◆ Required action
Exact reproduction is required for all entries.

◆ Available records
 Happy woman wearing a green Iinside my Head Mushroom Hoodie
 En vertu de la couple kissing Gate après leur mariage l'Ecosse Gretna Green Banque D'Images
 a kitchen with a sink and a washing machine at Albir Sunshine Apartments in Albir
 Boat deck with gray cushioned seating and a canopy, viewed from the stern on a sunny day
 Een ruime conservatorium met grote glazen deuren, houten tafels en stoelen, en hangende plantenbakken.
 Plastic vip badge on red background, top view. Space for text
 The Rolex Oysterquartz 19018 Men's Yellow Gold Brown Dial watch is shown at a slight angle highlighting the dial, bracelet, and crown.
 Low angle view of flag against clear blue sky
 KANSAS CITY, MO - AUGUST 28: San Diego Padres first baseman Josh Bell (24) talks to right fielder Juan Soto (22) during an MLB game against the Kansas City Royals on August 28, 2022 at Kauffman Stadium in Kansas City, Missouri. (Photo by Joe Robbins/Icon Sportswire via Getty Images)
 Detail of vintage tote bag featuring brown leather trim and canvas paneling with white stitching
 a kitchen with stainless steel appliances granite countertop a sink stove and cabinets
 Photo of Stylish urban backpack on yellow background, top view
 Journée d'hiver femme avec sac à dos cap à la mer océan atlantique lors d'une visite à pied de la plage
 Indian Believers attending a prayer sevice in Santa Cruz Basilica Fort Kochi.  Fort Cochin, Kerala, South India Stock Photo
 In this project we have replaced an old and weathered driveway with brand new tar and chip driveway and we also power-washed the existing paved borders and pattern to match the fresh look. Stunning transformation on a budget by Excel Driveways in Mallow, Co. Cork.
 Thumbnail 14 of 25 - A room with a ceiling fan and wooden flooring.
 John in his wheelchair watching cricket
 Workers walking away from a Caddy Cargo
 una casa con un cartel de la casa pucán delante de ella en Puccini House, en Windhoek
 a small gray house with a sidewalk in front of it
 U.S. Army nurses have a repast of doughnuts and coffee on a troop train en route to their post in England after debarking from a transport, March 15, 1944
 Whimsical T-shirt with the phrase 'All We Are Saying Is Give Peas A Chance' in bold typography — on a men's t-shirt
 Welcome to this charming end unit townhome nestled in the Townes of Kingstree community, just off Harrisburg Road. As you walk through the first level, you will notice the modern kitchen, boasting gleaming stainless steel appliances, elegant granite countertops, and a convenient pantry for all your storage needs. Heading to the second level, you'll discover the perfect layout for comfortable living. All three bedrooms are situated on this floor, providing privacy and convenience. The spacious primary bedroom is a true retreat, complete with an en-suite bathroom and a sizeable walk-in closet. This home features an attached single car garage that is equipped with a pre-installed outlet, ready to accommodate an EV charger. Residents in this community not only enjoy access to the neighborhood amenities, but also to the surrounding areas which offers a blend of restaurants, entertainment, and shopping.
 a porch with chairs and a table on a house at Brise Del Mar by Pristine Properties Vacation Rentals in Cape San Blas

◆ Answer section
 Happy woman wearing a green Iinside my Head Mushroom Hoodie
 En vertu de la couple kissing Gate après leur mariage l'Ecosse Gretna Green Banque D'Images
 a kitchen with a sink and a washing machine at Albir Sunshine Apartments in Albir
 Boat deck with gray cushioned seating and a canopy, viewed from the stern on a sunny day
 Een ruime conservatorium met grote glazen deuren, houten tafels en stoelen, en hangende plantenbakken.
 Plastic vip badge on red background, top view. Space for text
 The Rolex Oysterquartz 19018 Men's Yellow Gold Brown Dial watch is shown at a slight angle highlighting the dial, bracelet, and crown.
 Low angle view of flag against clear blue sky
 KANSAS CITY, MO - AUGUST 28: San Diego Padres first baseman Josh Bell (24) talks to right fielder Juan Soto (22) during an MLB game against the Kansas City Royals on August 28, 2022 at Kauffman Stadium in Kansas City, Missouri. (Photo by Joe Robbins/Icon Sportswire via Getty Images)
 Detail of vintage tote bag featuring brown leather trim and canvas paneling with white stitching
 a kitchen with stainless steel appliances granite countertop a sink stove and cabinets
 Photo of Stylish urban backpack on yellow background, top view
 Journée d'hiver femme avec sac à dos cap à la mer océan atlantique lors d'une visite à pied de la plage
 Indian Believers attending a prayer sevice in Santa Cruz Basilica Fort Kochi.  Fort Cochin, Kerala, South India Stock Photo
 In this project we have replaced an old and weathered driveway with brand new tar and chip driveway and we also power-washed the existing paved borders and pattern to match the fresh look. Stunning transformation on a budget by Excel Driveways in Mallow, Co. Cork.
 Thumbnail 14 of 25 - A room with a ceiling fan and wooden flooring.
 John in his wheelchair watching cricket
 Workers walking away from a Caddy Cargo
 una casa con un cartel de la casa pucán delante de ella en Puccini House, en Windhoek
 a small gray house with a sidewalk in front of it
 U.S. Army nurses have a repast of doughnuts and coffee on a troop train en route to their post in England after debarking from a transport, March 15, 1944
 Whimsical T-shirt with the phrase 'All We Are Saying Is Give Peas A Chance' in bold typography — on a men's t-shirt
 Welcome to this charming end unit townhome nestled in the Townes of Kingstree community, just off Harrisburg Road. As you walk through the first level, you will notice the modern kitchen, boasting gleaming stainless steel appliances, elegant granite countertops, and a convenient pantry for all your storage needs. Heading to the second level, you'll discover the perfect layout for comfortable living. All three bedrooms are situated on this floor, providing privacy and convenience. The spacious primary bedroom is a true retreat, complete with an en-suite bathroom and a sizeable walk-in closet. This home features an attached single car garage that is equipped with a pre-installed outlet, ready to accommodate an EV charger. Residents in this community not only enjoy access to the neighborhood amenities, but also to the surrounding areas which offers a blend of restaurants, entertainment, and shopping.
 a porch with chairs and a table on a house at Brise Del Mar by Pristine Properties Vacation Rentals in Cape San Blas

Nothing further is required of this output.